Five pieces of free advice for Starbucks
Dear Starbucks Leadership:
Given all of the free wifi I’ve used over the years, I’d like to offer my expertise as you lead up to your company-wide training on May 29. Having trained thousands of employees across sectors on issues of diversity and inclusion (D&I) — and specifically on race in the workplace — I hope my guidance helps you plan. Starbucks getting this right would be huge for our country, not just those who pay close attention to D&I in business.
- Your current challenge is about race, specifically anti-Black racism.
If you want to fix this, the first step is to be honest with yourselves about where you are falling down on race at every level of the company, starting with executive leadership. No company can successfully shift culture at this magnitude without strong buy-in at the highest levels of the company. Simultaneously, no company can shift without engaging their own Black employees on solutions.
What we saw on the video of two Black men getting arrested while waiting for a friend in a Philadelphia Starbucks is not about “diversity” writ large. Nor is it about a nebulous group of “people of color” — it is about anti-Blackness. This was not an isolated incident, as any Black person in America could tell you. And if it isn’t Starbucks in their experience, it’s one of a million other retail outlets where Black people live, work, and shop. But it is Starbucks that now has the opportunity and responsibility to set an example for how to do this well. That begins with calling it what it is — only then can you begin to wrestle with solutions.
2. Unconscious bias is not the framework to use.
Unconscious bias is an interesting, very real phenomenon. Important work has been done on this issue as it relates to everything from car loan interest rates to courtroom convictions. It is not, however, what happened in the Philadelphia Starbucks. There was a tremendous amount of explicit bias present for a barista to target two Black men who were doing nothing out of the ordinary for any Starbucks in America. Using unconscious bias as a theoretical smokescreen holds companies back from upending discriminatory behaviors. Companies have warped the initial concept and now use it as the phenomenon du jour for making people feel less guilty about plain, old-fashioned racism.
Additionally, anyone worth their salt in this field will tell you that unconscious bias cannot be trained out of a person. When taught correctly, awareness of unconscious bias needs to be leveraged to build systems that can mitigate the bias (ex: removing names from resumes or having multiple people screen phone interviews).
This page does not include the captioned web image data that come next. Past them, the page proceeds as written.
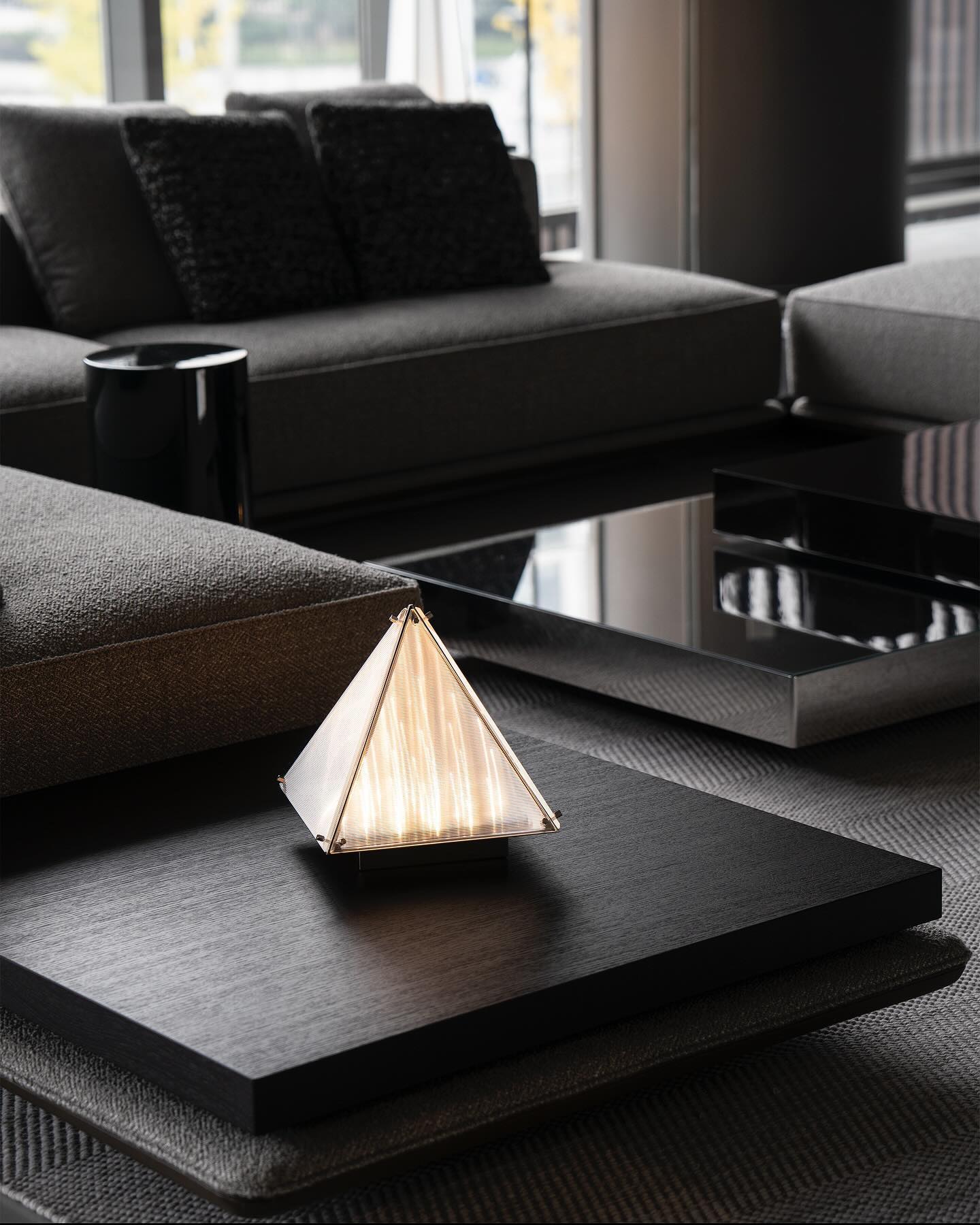Fragment #04 Table Lamp
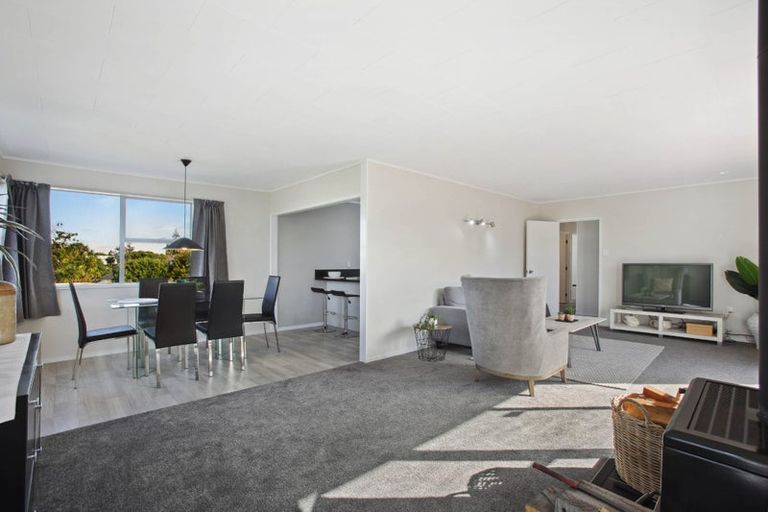 Photo of property in 35b Vincent Street, Howick, Auckland, 2014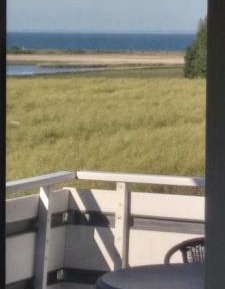 Apartment with Lake View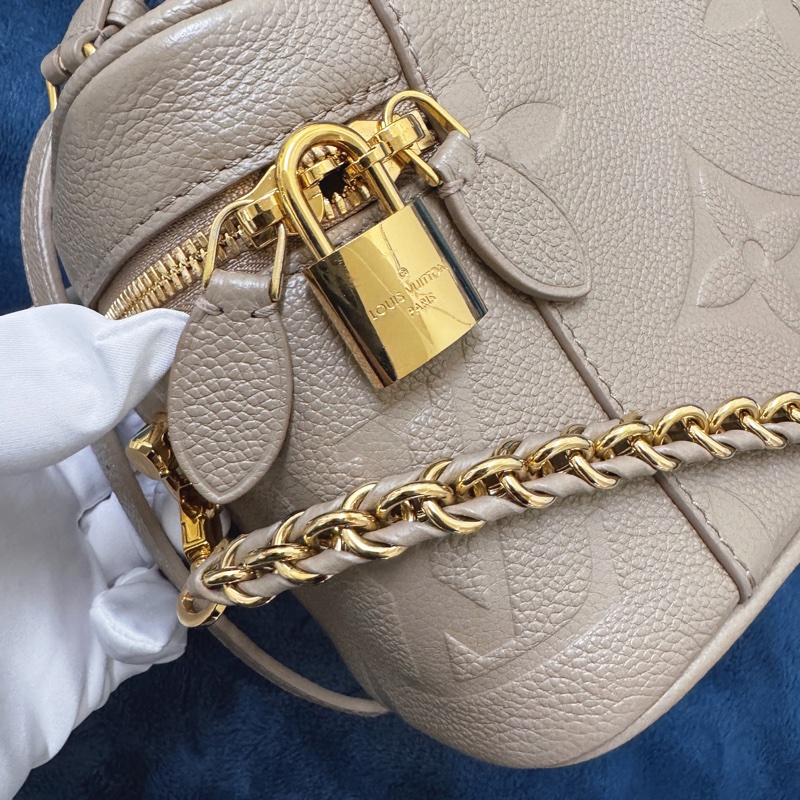 【LOUIS VUITTON 路易威登 大象灰全皮革壓紋化妝箱 Vanity PM 化妝盒】-4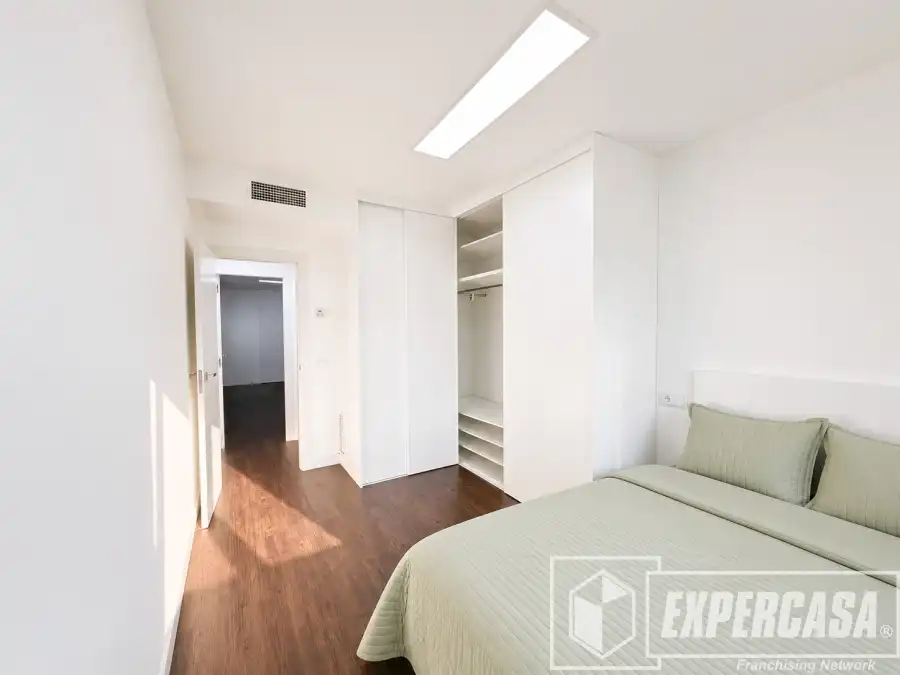 Dormitori de Casa o xalet en venda en Domeño amb Aire condicionat i Terrassa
Emerging research shows that this current wave of unconscious bias trainings trainings may actually have the opposite of the desired effect. But it is much easier to say “this resides so deep in our subconscious that we don’t even know we’re doing it” than “we need to stop racism in our company.”
3. Do this training in person, not by video.
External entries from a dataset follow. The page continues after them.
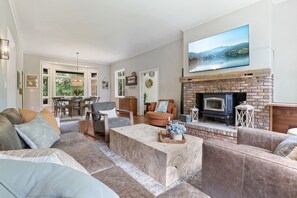 Smart TV, video games, foosball - Rickenbacker Ridge sleeps 13 w/ heated pool+hot tub+firepit+game room ! (Sugar Grove)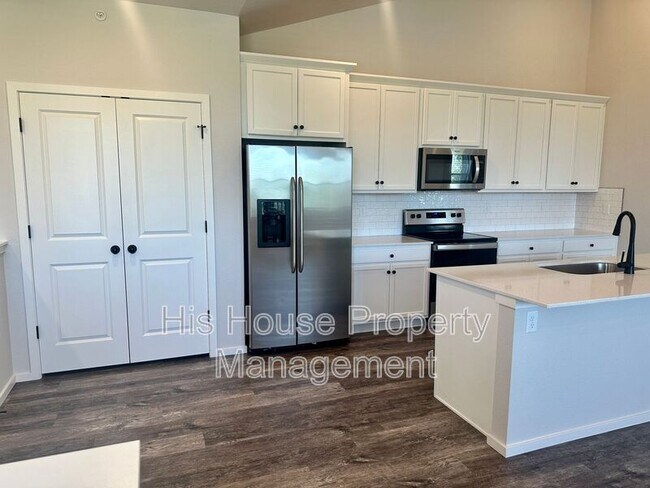 Building Photo - 2080 Autumn Moon Dr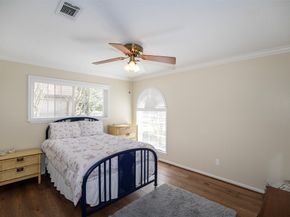 15719 Crestbrook Drive, Houston TX 77059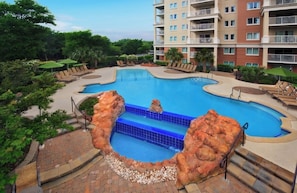 Outdoor pool, a heated pool - Ocean view 2-bedroom condo - Marriott's OceanWatch resort at Grand Dunes (Myrtle Beach)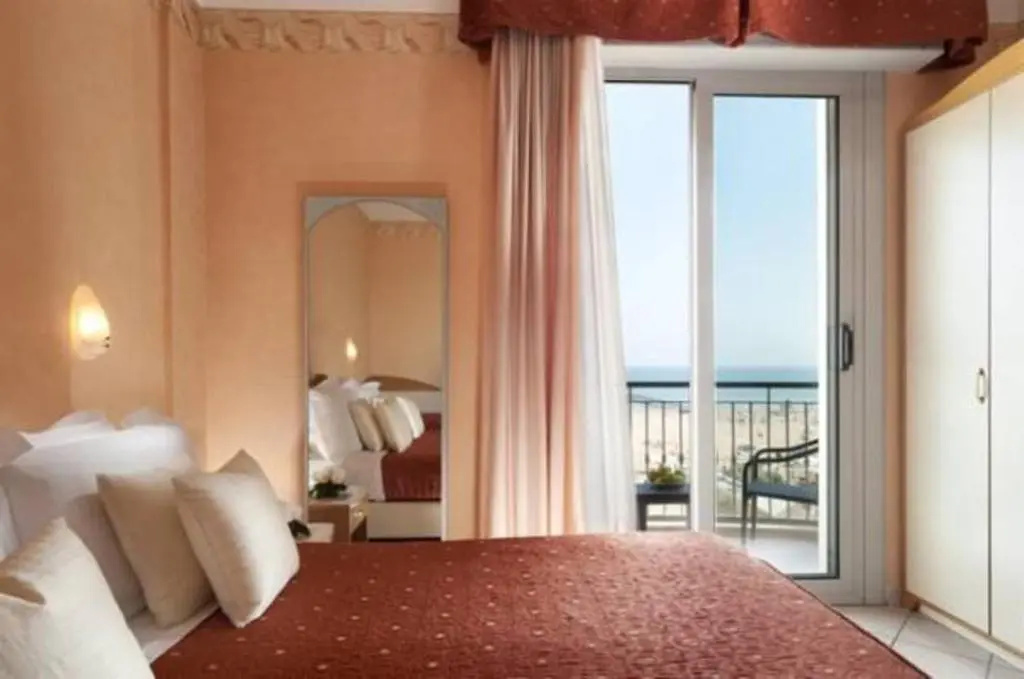 Double room (full double bed)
I am not certain how in five weeks time, 100,000+ people will be trained in one day other than by video. Please consider taking more time to implement a different model. Issues around race in particular stir up legitimate, difficult emotions for people from all backgrounds. Without skilled facilitation, the people who get hurt are likely to be the people who are already vulnerable in this situation. For example, employees of color — and Black baristas in particular — will be forced to do the in-person explaining to white colleagues for whom this may be their first foray into a conversation about race. This is an additional burden for a segment of your employee base, many of whom are currently left to field questions from their community about their employment with Starbucks.
Like when your company decided it wanted to take on the “Race Together” initiative in 2015, several of us cautioned that you did not have the capability to do this without serious facilitation training and support for baristas who would be on the hook for these conversations. Conversations about race are incredibly important, but when done poorly, people dig deeper into their entrenched mindsets rather than experience a transformation. As it currently stands, 80% of Millennials do not want to discuss race in mixed company; consider this context as you design the experience.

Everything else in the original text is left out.